CMS is finalizing provisions that limit the ability of MA plans to reopen and modify a previously approved inpatient hospital decision on the basis of information gathered after the approval. Under the final rule, MA plans will be able to reopen an approved hospital admission only due to error or fraud. In addition, CMS finalized several provisions to enhance beneficiary appeal rights and new reporting and notice requirements, including:
Ensuring that MA appeals rules apply to adverse plan decisions, regardless of whether the decision was made before, during, or after the receipt of such services
Codifying existing guidance that requires plans to give a provider notice of a coverage decision
Ensuring enrollees have a right to appeal MA plan coverage denials that affect their ongoing source of treatment
Non-Allowable Special Supplemental Benefits for the Chronically Ill
The final rule establishes guardrails for SSBCI benefits by codifying a list of non-allowable examples (e.g., unhealthy food, alcohol, tobacco, life insurance). CMS did not finalize proposals that were designed to improve administration of supplemental benefits and enhance transparency of the availability of such benefits.
Improving Care Experience for Dual Eligibles
CMS finalized new requirements for dual eligible special needs plans (D-SNPS) that are applicable integrated plans (AIPs) as follows:
D-SNPs will be required to have integrated member ID cards for their Medicare and Medicaid plans
D-SNPs will be required to conduct an integrated health risk assessment for Medicare and Medicaid, rather than separate ones for each program.

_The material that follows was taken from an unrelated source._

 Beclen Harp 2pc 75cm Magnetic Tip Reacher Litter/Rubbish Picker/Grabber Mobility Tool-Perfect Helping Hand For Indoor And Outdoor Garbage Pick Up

These provisions affecting certain D-SNPS plans will be effective for the 2027 plan year.
Provisions Pertaining to the Medicare Part D Inflation Reduction Act
CMS is finalizing proposals to codify existing requirements related to key provisions of the Inflation Reduction Act, including no cost sharing for adult vaccines and capping monthly copayments for insulin at $35. In addition, CMS is codifying existing guidance related to the implementation of the Medicare Prescription Payment Plan, which is also part of the Inflation Reduction Act.

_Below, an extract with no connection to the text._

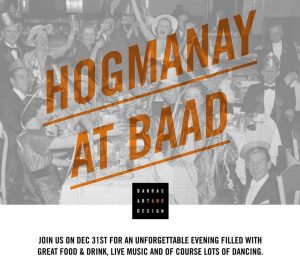 hogmanay at baad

Key Proposals CMS Has Yet to Finalize
As noted earlier, CMS finalized a streamlined rule that excluded several regulatory changes identified in the November 2024 proposed rule. In addition to provisions related to coverage of anti-obesity medications, guardrails for AI, and mandatory analysis of the health equity impact of MA plans utilization management practices, the following proposals were not finalized. CMS notes that these proposals might be finalized in future rulemaking.

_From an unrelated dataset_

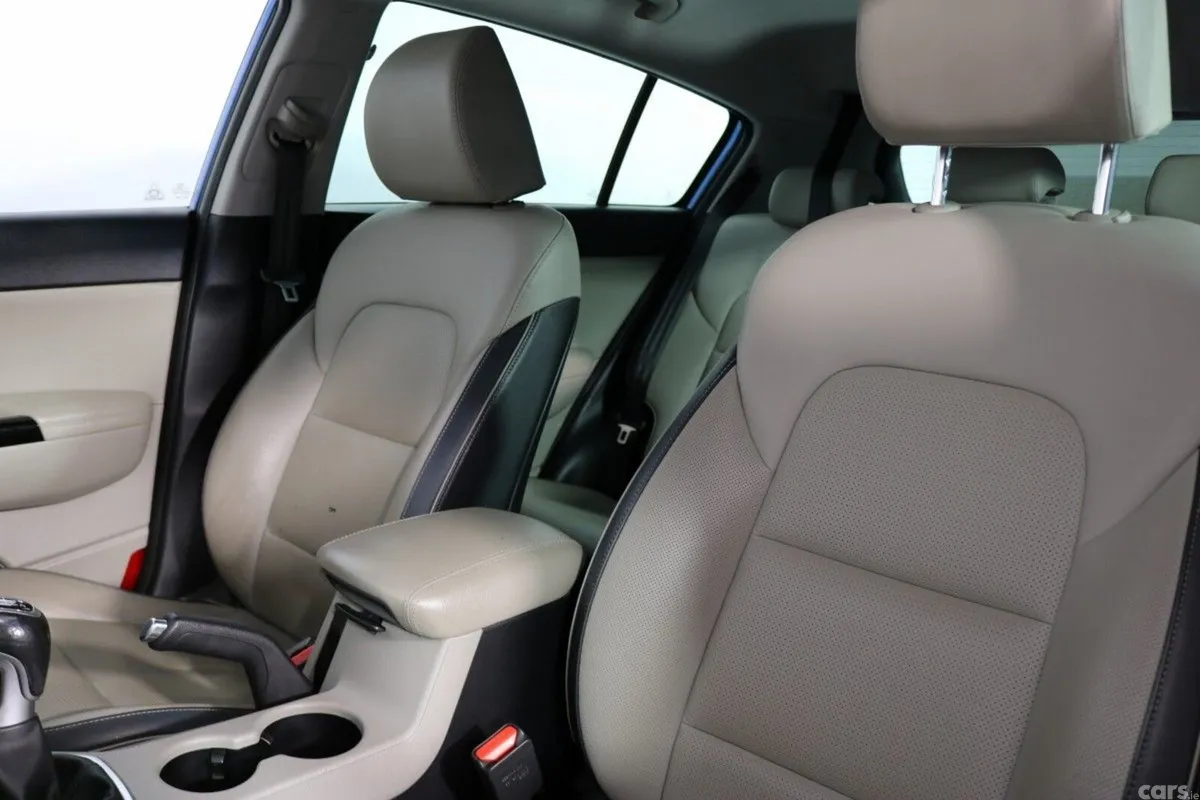 Kia Sportage SUV, Diesel, 2019, Blue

Expanding Medicare Part D Medication Therapy Management (MTM) eligibility criteria
Ensuring equitable access to behavioral health services by applying MA cost-sharing limits
Enhancing the Medicare Plan Finder to include information on plan provider directories
Promoting informed choice by enhancing CMS review of MA marketing and communication materials
Enhancing rules on MA plans’ use of internal coverage criteria
Key Considerations
The policies finalized in the CY 2026 Rate Announcement are projected to increase average Part C payments to MA plans by 5.06 percent in CY 2026—a significant uptick from the payment updates originally proposed in the CY 2026 Advance Notice. Nonetheless, the final rate increase will have varying effects across MA plans, with some experiencing larger or smaller impacts in CY 2026. MA plans should assess these outcomes as they prepare their bid submissions for 2026.
According to the CY 2026 Rate Announcement, CMS expects that the 5.06 percent increase will provide continued stability for the MA program and its beneficiaries while ensuring accurate and appropriate payments to Medicare Advantage organizations.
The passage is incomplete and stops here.